Can't Access Home LAN IPs behind OpenVPN Client running on router

[woodpecker]

Hi,

I have been trying for a week to access devices on my home LAN via OpenVPN, I've read so many articles but must have something not quite right.

My setup is as follows

OpenVPN server running on CentOS VPS web server - 10.8.0.0
Home Lan - OpenWRT/OpenVPN running on GL.inet router 192.168.8.0, allocated IP 10.8.0.22 from OpenVPN server

From the home LAN 192.168.8.0 devices can access the internet via the server perfectly.
From the internet, clients have internet access via the server perfectly.

I am trying to access a device on the home LAN with IP 192.168.8.231 but I can't get to it from the internet via the server.

If I connect an iphone via 4G to the server, it gets an IP address of 10.8.0.10
From a PC on the home LAN I can ping the phone on 10.8.0.10
But from the phone I cannot ping any 192.168.8.xxx device.

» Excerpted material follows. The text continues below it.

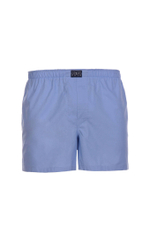 трусики-боксеры 3 шт. POLO RALPH LAUREN - белый(714610864)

My server and client configs are below, please help

Server Config

View OriginalServer Config

port 443 #- port
proto tcp #- protocol
dev tun
tun-mtu 1500
mssfix 1450
reneg-sec 0
ca /etc/openvpn/easy-rsa/2.0/keys/ca.crt
cert /etc/openvpn/easy-rsa/2.0/keys/server.crt
key /etc/openvpn/easy-rsa/2.0/keys/server.key
dh /etc/openvpn/easy-rsa/2.0/keys/dh1024.pem
server 10.8.0.0 255.255.255.0
route 192.168.8.0 255.255.255.0
push "route 192.168.8.0 255.255.255.0"
client-to-client
ifconfig-pool-persist ipp.txt
push "redirect-gateway def1"
push "dhcp-option DNS 8.8.8.8"
push "dhcp-option DNS 8.8.4.4"
keepalive 5 30
comp-lzo
user nobody
group nobody
persist-key
persist-tun
status 443.log
verb 4

Client Config

View OriginalClient Config

client
dev tun
proto tcp
remote myopenvpndomain.com 443
resolv-retry infinite
nobind
persist-key
persist-tun
comp-lzo
verb 3
float
ca ca.crt
cert my.crt
key my.key

[TinCanTech]

I've read so many articles but must have something not quite right.

You did not read this:
HOWTO: Expanding the scope of the VPN to include additional machines

[woodpecker]

I've read so many articles but must have something not quite right.

You did not read this:
HOWTO: Expanding the scope of the VPN to include additional machines

Thanks for replying, I did read that but can't confess to understanding it all.
Re-reading it, I have now added to the server config:-

client-config-dir ccd

Then created a directory ccd, added a file client2 and inside that added:-

iroute 192.168.8.0 255.255.255.0

This still doesn't work though.

Going back to that article, I don't quite understand how "server-side LAN uses a subnet of 10.66.0.0/24" translates to my system?

I'm also unsure if there is anything else missing as per this paragraph towards the end:

"The last step, and one that is often forgotten, is to add a route to the server's LAN gateway which directs 192.168.4.0/24 to the OpenVPN server box (you won't need this if the OpenVPN server box is the gateway for the server LAN)."

Can you help please?

[woodpecker]

Another day gone by and no further progress.

I have found that using the iphone over 4G I can connect into the home lan router via openvpn using IP 10.8.0.22, but not using IP 192.168.8.1

I must be still missing something to let me into the 192.168.8.xxx subnet?

[woodpecker]

Found one error in my config, the ccd file was the wrong client name, now I've corrected that I can ping 192.168.8.1 and access the router on that IP but still can't get to, or ping any other devices on the 192.168.8.xxx subnet.....

Any ideas?

[woodpecker]

More progress, the issue is the firewall on the OpenWRT router, if I stop the firewall it all works just fine, I'm just not sure what rule I need to add into the firewall to allow the traffic pass.